- PROBLEM TO SOLVE
Beginning with the line that includes "Used 2006 Ford Mustang Coupe image 2", return every remaining line of the material exactly as it reads, but not the pictures.

- GIVEN MATERIAL
———

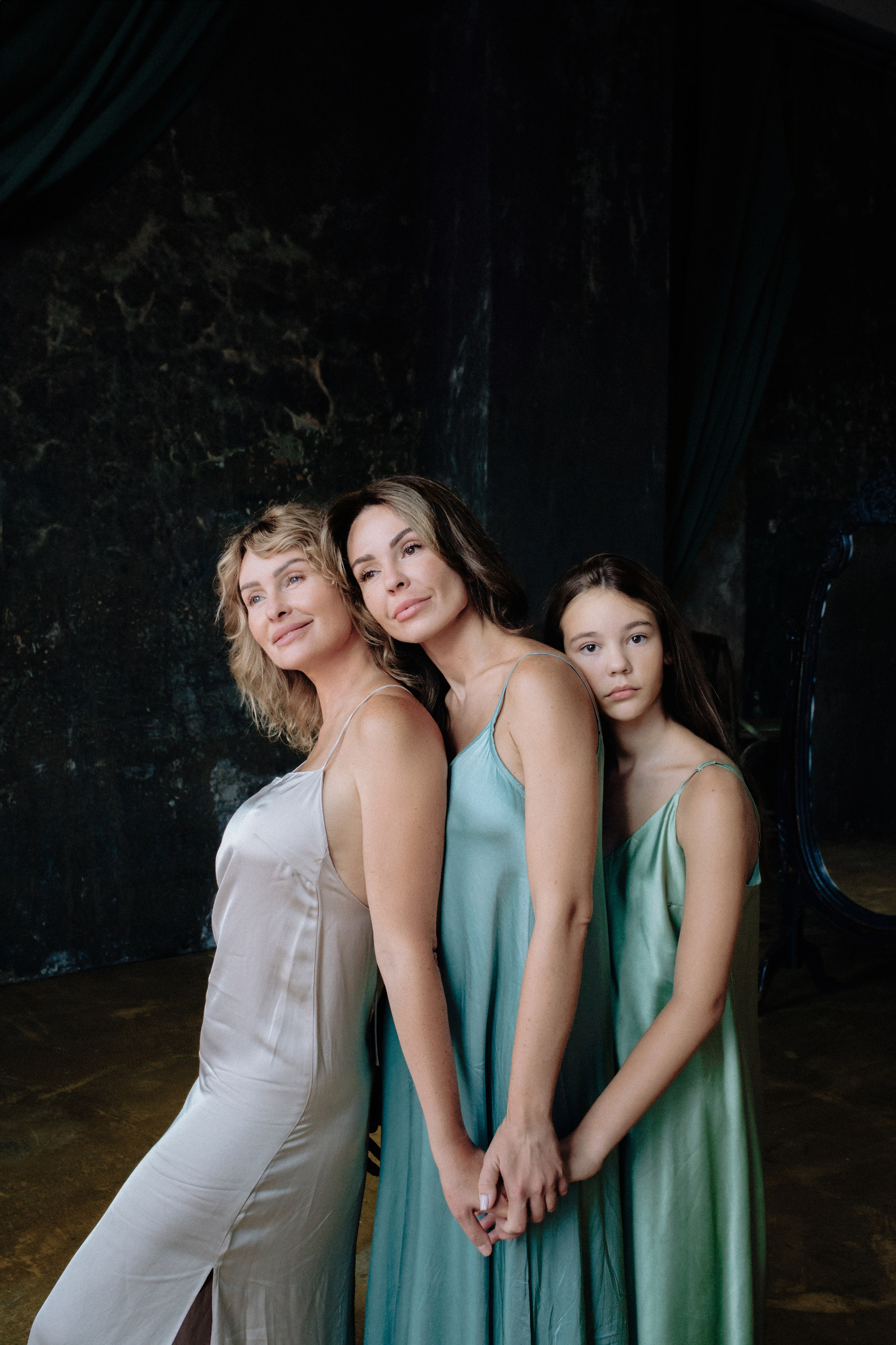 Сила рода. Портретный фотограф в городе Москва — Деляна Мур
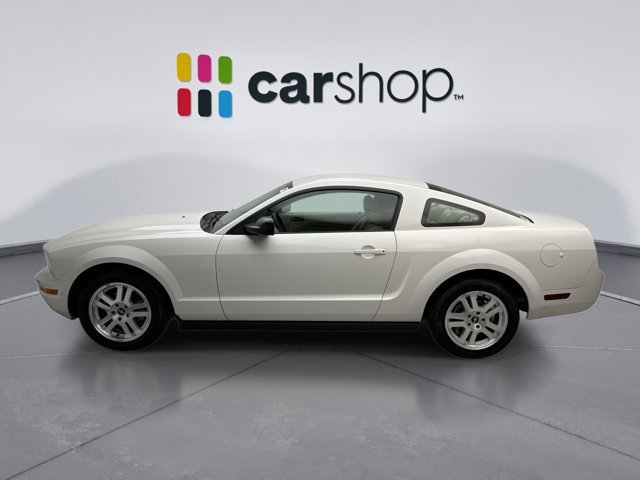 Used 2006 Ford Mustang Coupe image 2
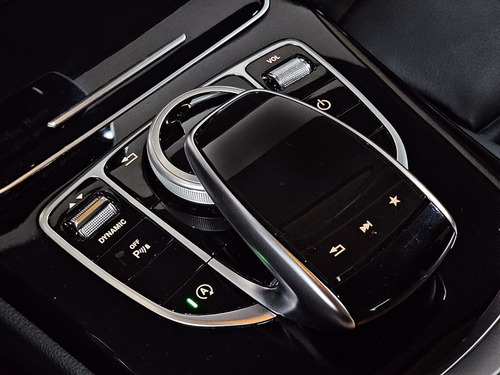 Mercedes-Benz Classe C 2.0 Avantgarde Turbo 4p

———

- TASK ANSWER
 Used 2006 Ford Mustang Coupe image 2
 Mercedes-Benz Classe C 2.0 Avantgarde Turbo 4p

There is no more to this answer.